● INFORMATION SUPPLIED
-- Opening Marker --
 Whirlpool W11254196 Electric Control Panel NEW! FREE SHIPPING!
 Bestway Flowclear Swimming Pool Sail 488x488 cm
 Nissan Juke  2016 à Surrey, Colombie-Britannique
-- Closing Marker --
-- Opening Marker --
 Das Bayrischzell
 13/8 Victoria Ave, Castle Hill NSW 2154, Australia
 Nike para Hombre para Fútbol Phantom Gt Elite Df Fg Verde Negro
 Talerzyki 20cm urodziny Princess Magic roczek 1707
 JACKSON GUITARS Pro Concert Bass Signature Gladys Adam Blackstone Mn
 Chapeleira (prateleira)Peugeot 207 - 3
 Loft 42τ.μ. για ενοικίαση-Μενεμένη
-- Closing Marker --
Using only the entries above, output the line with "Whirlpool W11254196 Electric", the line with "à Surrey, Colombie-Britannique", and all lines between them, exactly as they stand.

 Whirlpool W11254196 Electric Control Panel NEW! FREE SHIPPING!
 Bestway Flowclear Swimming Pool Sail 488x488 cm
 Nissan Juke  2016 à Surrey, Colombie-Britannique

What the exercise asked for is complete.